What the task requires >> Begin with the first line of the entries below. Copy each line exactly, stopping after the one that contains "Navyblauwe coltrui met".

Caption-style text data
——

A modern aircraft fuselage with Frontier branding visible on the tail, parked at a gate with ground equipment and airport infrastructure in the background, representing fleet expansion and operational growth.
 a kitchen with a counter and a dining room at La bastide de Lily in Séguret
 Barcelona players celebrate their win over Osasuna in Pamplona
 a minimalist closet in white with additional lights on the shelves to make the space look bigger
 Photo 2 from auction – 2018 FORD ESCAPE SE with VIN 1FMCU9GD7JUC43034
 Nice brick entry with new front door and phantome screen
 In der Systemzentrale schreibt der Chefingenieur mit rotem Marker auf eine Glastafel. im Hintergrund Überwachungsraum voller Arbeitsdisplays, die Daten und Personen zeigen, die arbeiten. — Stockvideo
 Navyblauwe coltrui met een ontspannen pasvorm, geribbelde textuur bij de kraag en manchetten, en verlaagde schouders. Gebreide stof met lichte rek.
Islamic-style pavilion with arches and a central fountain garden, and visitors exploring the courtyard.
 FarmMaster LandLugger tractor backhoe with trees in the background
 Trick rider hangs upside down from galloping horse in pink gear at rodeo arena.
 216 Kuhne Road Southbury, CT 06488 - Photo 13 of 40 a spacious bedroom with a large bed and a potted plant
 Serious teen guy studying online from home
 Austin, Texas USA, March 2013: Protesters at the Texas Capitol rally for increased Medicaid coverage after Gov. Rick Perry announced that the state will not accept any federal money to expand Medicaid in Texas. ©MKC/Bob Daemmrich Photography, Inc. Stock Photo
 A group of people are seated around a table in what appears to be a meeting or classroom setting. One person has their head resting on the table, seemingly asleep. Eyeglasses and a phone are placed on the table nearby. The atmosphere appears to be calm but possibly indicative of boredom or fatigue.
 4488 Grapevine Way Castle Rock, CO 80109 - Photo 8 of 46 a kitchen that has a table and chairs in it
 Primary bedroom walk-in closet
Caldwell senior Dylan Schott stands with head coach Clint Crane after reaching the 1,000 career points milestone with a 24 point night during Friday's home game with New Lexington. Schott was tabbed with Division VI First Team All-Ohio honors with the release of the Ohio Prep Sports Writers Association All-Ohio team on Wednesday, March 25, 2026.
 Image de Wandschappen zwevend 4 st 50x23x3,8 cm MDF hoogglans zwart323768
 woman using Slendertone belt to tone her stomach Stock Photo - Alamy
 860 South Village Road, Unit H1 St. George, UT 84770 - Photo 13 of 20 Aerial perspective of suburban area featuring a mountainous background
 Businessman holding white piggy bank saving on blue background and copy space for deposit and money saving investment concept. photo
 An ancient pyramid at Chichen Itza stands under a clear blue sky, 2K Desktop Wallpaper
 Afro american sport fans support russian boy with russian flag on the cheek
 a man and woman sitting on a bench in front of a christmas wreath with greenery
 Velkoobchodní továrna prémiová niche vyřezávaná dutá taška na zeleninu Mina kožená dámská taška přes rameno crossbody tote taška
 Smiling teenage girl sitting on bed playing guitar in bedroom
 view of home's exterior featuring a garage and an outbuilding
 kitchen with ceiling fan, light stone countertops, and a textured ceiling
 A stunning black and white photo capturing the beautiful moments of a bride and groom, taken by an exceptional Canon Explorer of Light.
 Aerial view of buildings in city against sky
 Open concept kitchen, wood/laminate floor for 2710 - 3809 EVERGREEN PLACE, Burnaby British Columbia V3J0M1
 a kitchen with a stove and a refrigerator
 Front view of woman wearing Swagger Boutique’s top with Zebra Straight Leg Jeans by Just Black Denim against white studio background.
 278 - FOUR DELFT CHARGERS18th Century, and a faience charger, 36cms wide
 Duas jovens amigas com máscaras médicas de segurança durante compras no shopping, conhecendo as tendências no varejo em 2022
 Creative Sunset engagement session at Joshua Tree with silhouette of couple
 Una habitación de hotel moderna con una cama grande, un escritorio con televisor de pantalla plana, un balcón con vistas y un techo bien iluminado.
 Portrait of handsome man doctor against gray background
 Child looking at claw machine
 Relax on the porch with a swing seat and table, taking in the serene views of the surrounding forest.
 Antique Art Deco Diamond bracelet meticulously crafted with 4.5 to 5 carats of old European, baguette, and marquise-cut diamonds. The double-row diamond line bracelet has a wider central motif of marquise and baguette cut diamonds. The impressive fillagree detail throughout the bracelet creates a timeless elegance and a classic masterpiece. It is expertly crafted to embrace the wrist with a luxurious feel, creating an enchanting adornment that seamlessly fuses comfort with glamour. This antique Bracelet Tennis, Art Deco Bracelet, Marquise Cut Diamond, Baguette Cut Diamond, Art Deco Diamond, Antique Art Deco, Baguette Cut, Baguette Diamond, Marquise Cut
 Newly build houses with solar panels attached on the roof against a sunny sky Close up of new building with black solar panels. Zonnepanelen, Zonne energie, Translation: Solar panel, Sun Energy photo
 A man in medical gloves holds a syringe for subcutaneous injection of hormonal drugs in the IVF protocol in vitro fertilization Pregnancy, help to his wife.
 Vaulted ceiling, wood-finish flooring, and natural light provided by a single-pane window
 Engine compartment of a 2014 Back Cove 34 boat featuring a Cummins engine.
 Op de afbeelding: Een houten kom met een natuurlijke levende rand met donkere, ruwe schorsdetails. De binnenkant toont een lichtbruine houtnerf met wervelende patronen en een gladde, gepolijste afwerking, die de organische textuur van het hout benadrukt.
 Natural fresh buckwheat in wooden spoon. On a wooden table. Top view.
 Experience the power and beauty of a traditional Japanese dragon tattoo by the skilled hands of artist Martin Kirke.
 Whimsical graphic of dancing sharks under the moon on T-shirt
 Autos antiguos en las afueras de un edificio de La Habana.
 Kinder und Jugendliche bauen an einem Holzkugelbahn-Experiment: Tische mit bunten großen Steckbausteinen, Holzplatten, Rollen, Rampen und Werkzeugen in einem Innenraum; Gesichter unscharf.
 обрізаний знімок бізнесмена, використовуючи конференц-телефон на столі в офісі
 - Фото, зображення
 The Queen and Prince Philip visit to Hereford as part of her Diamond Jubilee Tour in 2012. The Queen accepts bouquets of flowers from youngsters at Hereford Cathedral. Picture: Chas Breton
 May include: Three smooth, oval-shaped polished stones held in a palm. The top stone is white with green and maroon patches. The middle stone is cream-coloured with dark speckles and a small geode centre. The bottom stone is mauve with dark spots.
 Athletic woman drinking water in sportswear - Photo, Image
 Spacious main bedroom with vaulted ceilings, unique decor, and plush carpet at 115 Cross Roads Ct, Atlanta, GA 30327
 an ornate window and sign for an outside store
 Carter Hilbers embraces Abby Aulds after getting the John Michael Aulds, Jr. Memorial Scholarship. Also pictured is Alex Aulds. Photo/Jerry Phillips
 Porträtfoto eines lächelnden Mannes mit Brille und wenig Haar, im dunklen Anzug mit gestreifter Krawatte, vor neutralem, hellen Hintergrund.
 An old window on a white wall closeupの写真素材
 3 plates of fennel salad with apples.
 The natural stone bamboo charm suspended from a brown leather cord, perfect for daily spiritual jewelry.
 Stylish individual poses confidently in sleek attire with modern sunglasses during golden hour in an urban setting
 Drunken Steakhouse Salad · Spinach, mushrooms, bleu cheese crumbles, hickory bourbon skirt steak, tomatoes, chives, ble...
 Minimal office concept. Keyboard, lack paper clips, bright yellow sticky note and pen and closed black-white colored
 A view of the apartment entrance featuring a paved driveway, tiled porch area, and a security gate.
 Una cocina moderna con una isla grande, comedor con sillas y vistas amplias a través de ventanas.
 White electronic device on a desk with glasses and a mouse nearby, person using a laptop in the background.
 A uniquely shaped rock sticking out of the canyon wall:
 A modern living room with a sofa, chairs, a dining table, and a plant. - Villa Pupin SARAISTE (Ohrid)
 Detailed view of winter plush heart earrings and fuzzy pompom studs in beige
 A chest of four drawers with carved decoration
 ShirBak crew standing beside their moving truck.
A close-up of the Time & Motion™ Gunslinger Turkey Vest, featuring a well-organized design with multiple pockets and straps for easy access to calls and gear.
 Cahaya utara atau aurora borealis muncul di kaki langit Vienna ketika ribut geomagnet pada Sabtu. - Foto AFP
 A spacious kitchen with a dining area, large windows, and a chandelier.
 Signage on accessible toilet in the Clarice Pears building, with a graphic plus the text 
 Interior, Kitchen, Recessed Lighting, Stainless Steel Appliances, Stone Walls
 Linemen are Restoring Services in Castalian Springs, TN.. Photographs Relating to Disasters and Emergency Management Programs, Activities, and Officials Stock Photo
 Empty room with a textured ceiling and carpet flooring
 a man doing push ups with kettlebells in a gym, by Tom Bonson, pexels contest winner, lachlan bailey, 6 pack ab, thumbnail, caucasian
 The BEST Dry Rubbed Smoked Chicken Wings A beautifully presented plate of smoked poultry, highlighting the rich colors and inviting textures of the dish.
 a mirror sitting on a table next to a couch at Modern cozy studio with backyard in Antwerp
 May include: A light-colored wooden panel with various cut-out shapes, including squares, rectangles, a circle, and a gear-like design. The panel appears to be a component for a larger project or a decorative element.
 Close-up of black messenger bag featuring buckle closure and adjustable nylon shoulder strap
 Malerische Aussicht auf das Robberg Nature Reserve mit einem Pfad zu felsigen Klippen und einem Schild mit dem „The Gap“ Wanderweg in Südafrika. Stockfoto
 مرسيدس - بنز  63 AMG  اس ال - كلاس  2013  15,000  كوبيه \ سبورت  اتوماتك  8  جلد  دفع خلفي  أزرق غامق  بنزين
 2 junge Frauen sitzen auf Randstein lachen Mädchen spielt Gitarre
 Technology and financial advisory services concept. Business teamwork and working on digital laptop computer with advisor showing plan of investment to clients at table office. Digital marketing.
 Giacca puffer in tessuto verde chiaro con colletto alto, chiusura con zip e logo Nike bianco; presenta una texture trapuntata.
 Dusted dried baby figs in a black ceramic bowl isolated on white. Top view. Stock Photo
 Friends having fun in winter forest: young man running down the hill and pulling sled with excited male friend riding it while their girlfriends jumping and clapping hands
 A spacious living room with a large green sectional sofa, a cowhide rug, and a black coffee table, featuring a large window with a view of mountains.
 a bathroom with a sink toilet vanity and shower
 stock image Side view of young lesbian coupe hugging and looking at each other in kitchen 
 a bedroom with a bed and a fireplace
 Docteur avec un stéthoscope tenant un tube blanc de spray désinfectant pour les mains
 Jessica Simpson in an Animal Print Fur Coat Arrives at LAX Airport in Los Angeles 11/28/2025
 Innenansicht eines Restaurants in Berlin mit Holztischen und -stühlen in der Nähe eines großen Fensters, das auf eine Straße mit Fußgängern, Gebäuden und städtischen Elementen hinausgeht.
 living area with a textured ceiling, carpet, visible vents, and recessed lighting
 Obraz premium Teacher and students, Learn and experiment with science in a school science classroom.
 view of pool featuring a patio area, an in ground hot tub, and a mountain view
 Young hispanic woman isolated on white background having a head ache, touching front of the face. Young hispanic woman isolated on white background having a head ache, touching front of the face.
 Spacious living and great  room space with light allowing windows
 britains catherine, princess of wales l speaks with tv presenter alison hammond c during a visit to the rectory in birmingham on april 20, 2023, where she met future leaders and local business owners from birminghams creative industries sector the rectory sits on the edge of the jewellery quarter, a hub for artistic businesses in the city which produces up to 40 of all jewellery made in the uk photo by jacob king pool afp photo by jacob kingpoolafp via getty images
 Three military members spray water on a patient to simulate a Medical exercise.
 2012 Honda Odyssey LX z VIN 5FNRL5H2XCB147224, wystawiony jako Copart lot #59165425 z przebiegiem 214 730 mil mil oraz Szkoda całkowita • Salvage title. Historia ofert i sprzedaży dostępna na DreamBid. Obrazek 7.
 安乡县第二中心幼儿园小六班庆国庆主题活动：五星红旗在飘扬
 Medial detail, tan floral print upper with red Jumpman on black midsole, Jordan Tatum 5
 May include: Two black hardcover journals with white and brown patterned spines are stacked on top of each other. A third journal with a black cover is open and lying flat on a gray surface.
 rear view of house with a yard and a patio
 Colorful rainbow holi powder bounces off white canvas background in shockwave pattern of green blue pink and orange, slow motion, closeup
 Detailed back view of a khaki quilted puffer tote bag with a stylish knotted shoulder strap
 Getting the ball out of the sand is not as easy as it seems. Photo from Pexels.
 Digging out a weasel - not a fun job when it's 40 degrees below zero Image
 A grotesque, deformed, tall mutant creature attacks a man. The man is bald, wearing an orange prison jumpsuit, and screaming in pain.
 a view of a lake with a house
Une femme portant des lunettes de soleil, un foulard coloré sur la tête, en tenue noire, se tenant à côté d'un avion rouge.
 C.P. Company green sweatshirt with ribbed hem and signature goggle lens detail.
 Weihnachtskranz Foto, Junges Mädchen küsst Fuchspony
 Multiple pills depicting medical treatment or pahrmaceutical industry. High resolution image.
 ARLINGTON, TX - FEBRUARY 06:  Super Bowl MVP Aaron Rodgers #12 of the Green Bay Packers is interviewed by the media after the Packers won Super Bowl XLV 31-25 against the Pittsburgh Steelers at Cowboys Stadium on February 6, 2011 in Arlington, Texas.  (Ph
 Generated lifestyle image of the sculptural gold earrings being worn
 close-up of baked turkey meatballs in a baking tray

——

Solved problem >>
A modern aircraft fuselage with Frontier branding visible on the tail, parked at a gate with ground equipment and airport infrastructure in the background, representing fleet expansion and operational growth.
 a kitchen with a counter and a dining room at La bastide de Lily in Séguret
 Barcelona players celebrate their win over Osasuna in Pamplona
 a minimalist closet in white with additional lights on the shelves to make the space look bigger
 Photo 2 from auction – 2018 FORD ESCAPE SE with VIN 1FMCU9GD7JUC43034
 Nice brick entry with new front door and phantome screen
 In der Systemzentrale schreibt der Chefingenieur mit rotem Marker auf eine Glastafel. im Hintergrund Überwachungsraum voller Arbeitsdisplays, die Daten und Personen zeigen, die arbeiten. — Stockvideo
 Navyblauwe coltrui met een ontspannen pasvorm, geribbelde textuur bij de kraag en manchetten, en verlaagde schouders. Gebreide stof met lichte rek.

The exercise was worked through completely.